There is stuff, a lot of stuff, well, let’s be honest, almost all stuff, that really is not that important. It is “here today and gone tomorrow,” to quote Jesus from the Sermon on the Mount. It is transient, fleeting, and feeble. And it certainly pales when compared to the things that will last forever. And it’s the latter things, the forever items, that should get my attention, not the long, first list of stuff that will be gone one day soon. In light of that, my perspective should be different.
Jesus says, “Don’t worry.” “Then Jesus said to His disciples, ‘And so I tell you not to worry about food…or clothes…God clothes the grass that is HERE TODAY AND GONE TOMORROW…won’t He be all the more sure to clothe you?” Luke 12
Peter says, “Live right.” “Since everything here today might well be gone tomorrow, do you see how essential it is to live a holy life?” 2 Peter 3:11
And Paul says, “Keep looking up.” “Now we know that if the earthly tent we live in is destroyed, we have a building from God, an ETERNAL house in heaven, not built by human hands.” 2 Corinthians 5:1
I was thinking about getting one of those label makers and going though my house, labeling everything in the appropriate category. Maybe I would do a red label, TEMPORARY, and a green label, ETERNAL. 64 inch HDTV with voice activated remote, TEMPORARY. Wilson N-Code 5 tennis racket with new grip and strings, TEMPORARY. Latest bank statement showing a big dip in my Scottrade IRA account, TEMPORARY. That’s the problem, it would all be red labels, TEMPORARY. “We don’t look at what is seen but what is UNSEEN…”
So back to the list I started with, smashed Lexus, temporary.
Riding through town in a wrecker, temporary.
Branches and Branches shirt, temporary.
Even the pain and sorrow surrounding my friend, Steve, and cousin, Justin, temporary.

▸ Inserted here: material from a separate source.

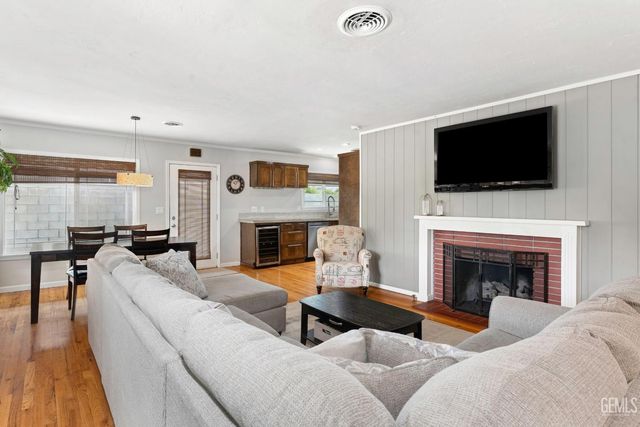 1309 Shattuck Avenue, Bakersfield, CA 93305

But the Godly life of those two men, the fact that they gave their heart to Jesus, where they both are right now, this very minute, in a new house, built by God, ETERNAL.
The events of the last 48 hours or so have reminded me again that this world is not what it is all about. The presidential debates, the pandemic, the global economy; all important things, but every one of them, temporary. I get worried, worked up, and worn out, throwing most of my emotional energy into the stuff that headlines and Facebook are made of. The bulk of my interest, the majority of my conversations, where my “gaze is fixed,” all on temporary things. In all honesty, most of my time and talent goes to either complaining about or trying to gain the temporary stuff.

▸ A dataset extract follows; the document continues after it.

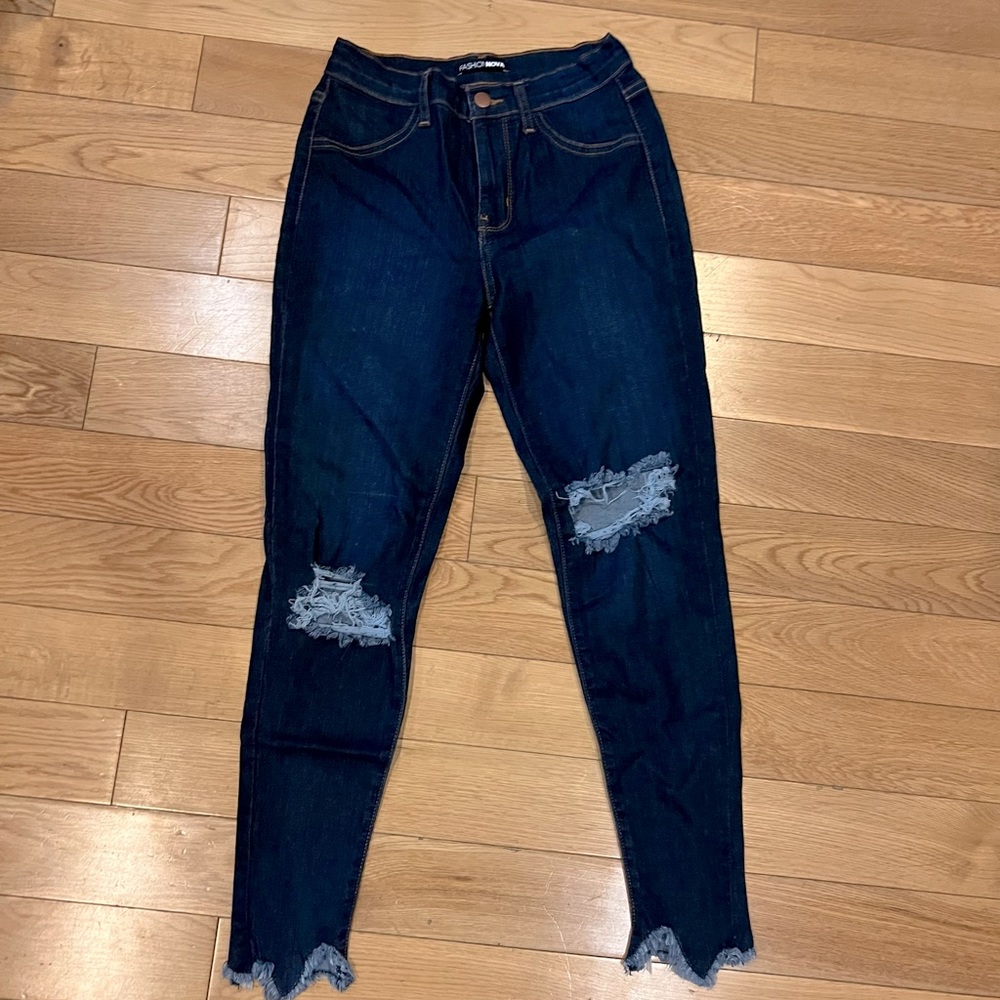 Fashion Nova blue jeans ripped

This morning I am remembering that those things will end. Time spent teaching my grandkids Bible verses, prayer moments that I have with a hurting friend on the telephone, devotional times with my men on Thursday morning, and walks with my bride talking about Jesus, eternal. Those are the things that matter and that I need to focus my attention on.
This morning there are two precious families, one in Michigan and one in Ohio, that I am pretty sure, are not the least bit interested in the temporary stuff. They are totally looking at the eternal. My prayer is that they might know “the love of Christ, … the love that surpasses knowledge.” (Ephesian 3:9) That, and His peace, ETERNAL.